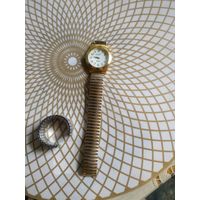 Часы наручные  с браслетом.Состояние на скане. В коллекцию,ремонт,на запчасти.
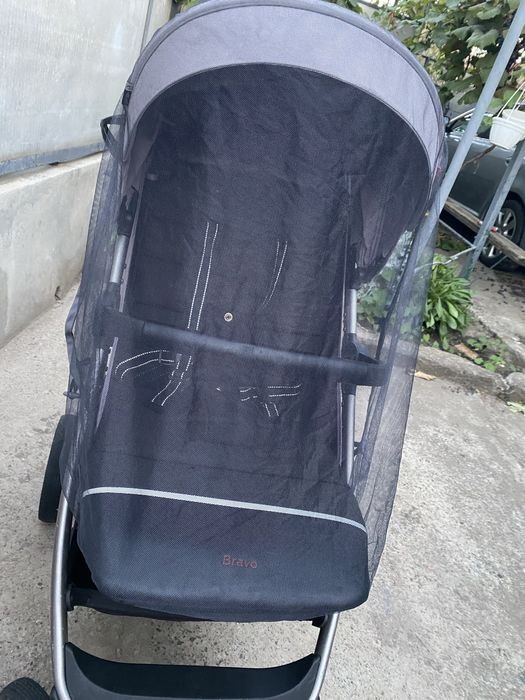 Продам прогулочную коляску .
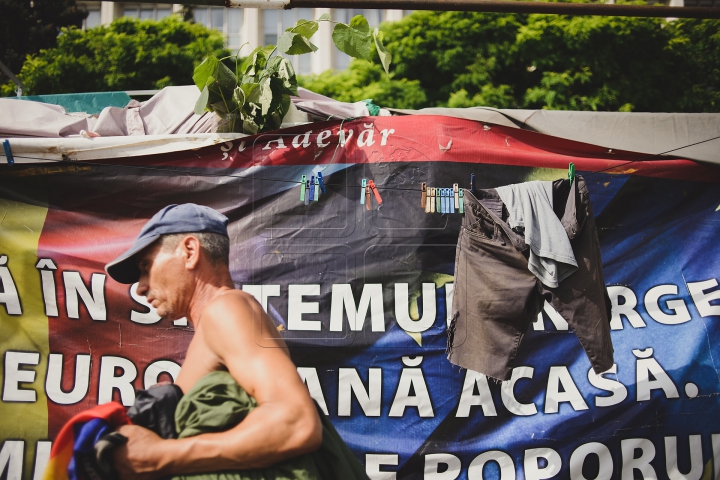 Corturile protestatarilor DA au fost scoase din Piaţa Marii Adunări Naţionale (FOTOREPORT)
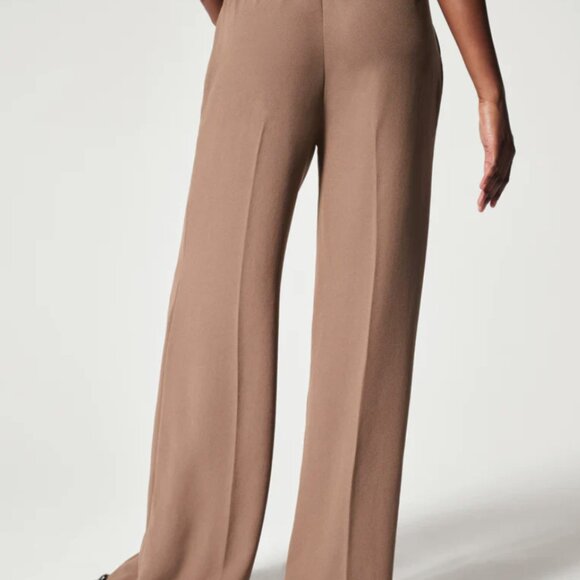 NWT SPANX Carefree Crepe Pleated Trouser Women's Medium Cedar - Picture 3 of 8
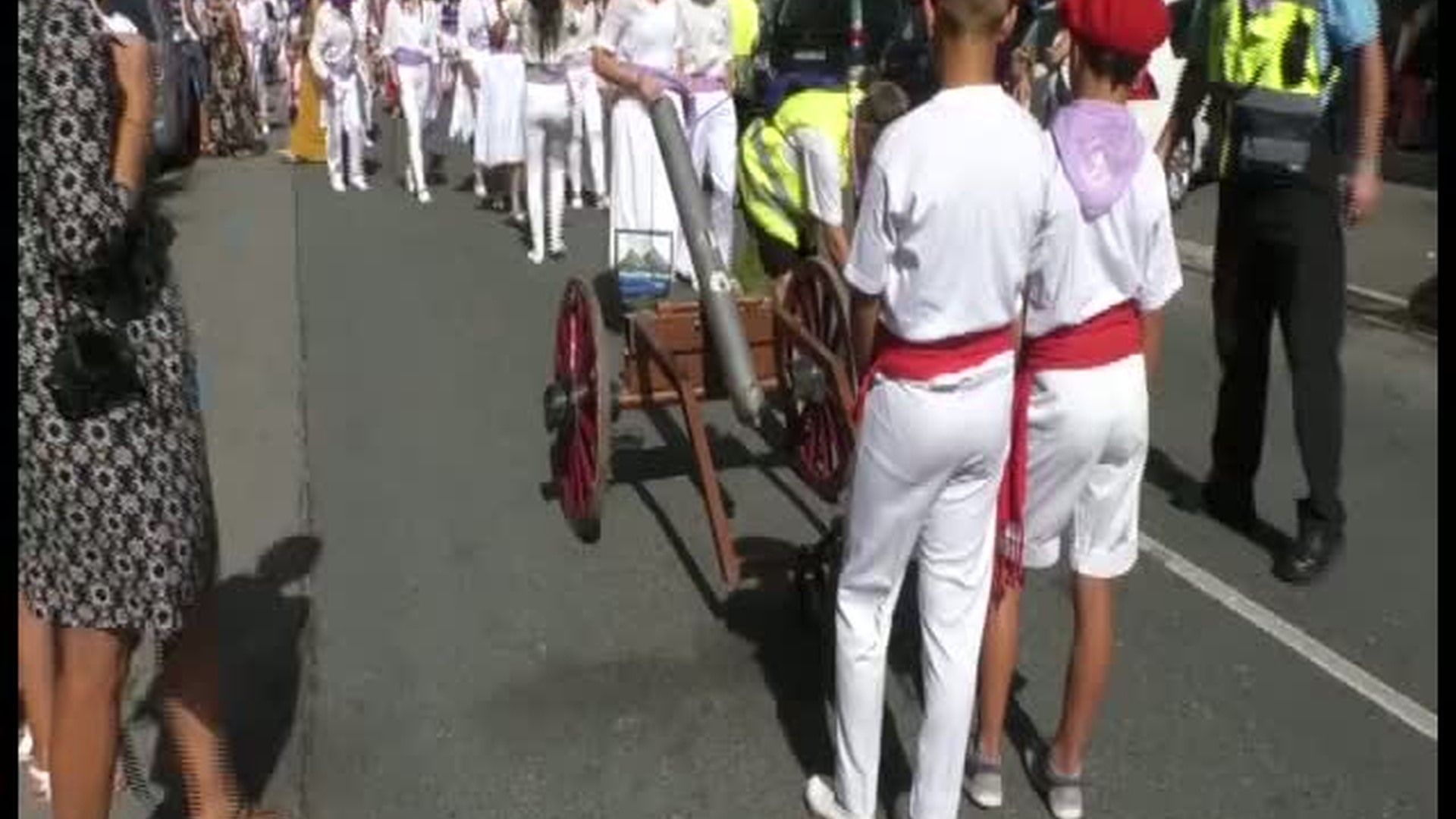 Haurren danborradarekin disfrutatu dute festen bigarren eguneko goizaz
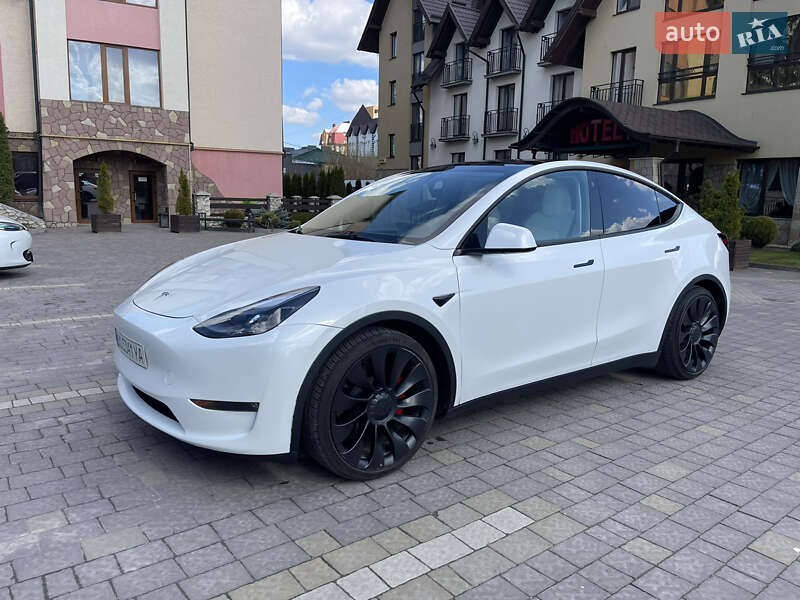 Tesla Model y (2023)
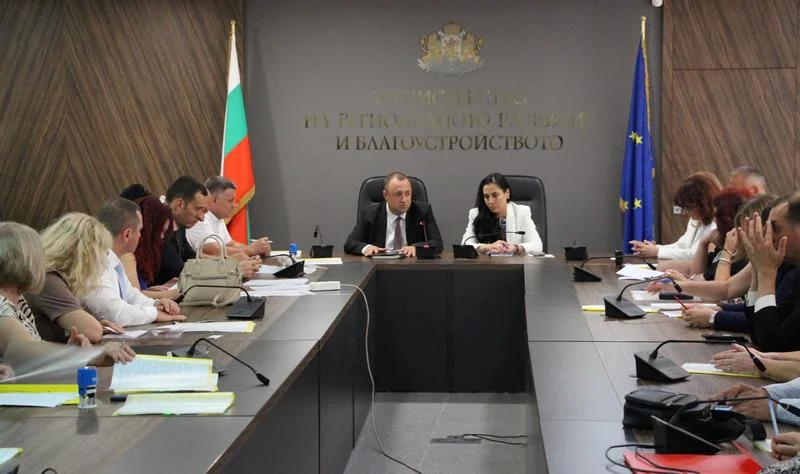 Иван Иванов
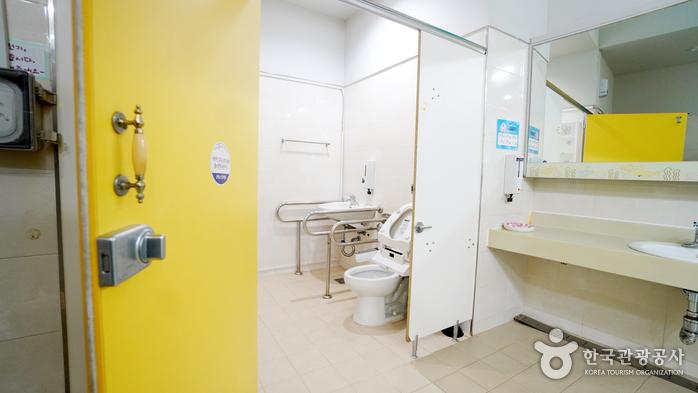 조선해양전시관의 장애인 화장실 내부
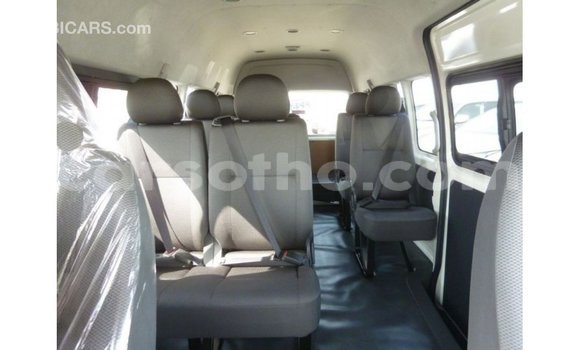 Acheter Import Voiture Toyota Hiace Blanc à Import - Dubai, Maseru Acheter Import Voiture Toyota Hiace Blanc à Import - Dubai, Maseru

##############################

DIRECTIONS → Apart from its pictures, the data is to be repeated exactly.

ANSWER AREA →
 Часы наручные  с браслетом.Состояние на скане. В коллекцию,ремонт,на запчасти.
 Продам прогулочную коляску .
 Corturile protestatarilor DA au fost scoase din Piaţa Marii Adunări Naţionale (FOTOREPORT)
 NWT SPANX Carefree Crepe Pleated Trouser Women's Medium Cedar - Picture 3 of 8
 Haurren danborradarekin disfrutatu dute festen bigarren eguneko goizaz
 Tesla Model y (2023)
 Иван Иванов
 조선해양전시관의 장애인 화장실 내부
 Acheter Import Voiture Toyota Hiace Blanc à Import - Dubai, Maseru Acheter Import Voiture Toyota Hiace Blanc à Import - Dubai, Maseru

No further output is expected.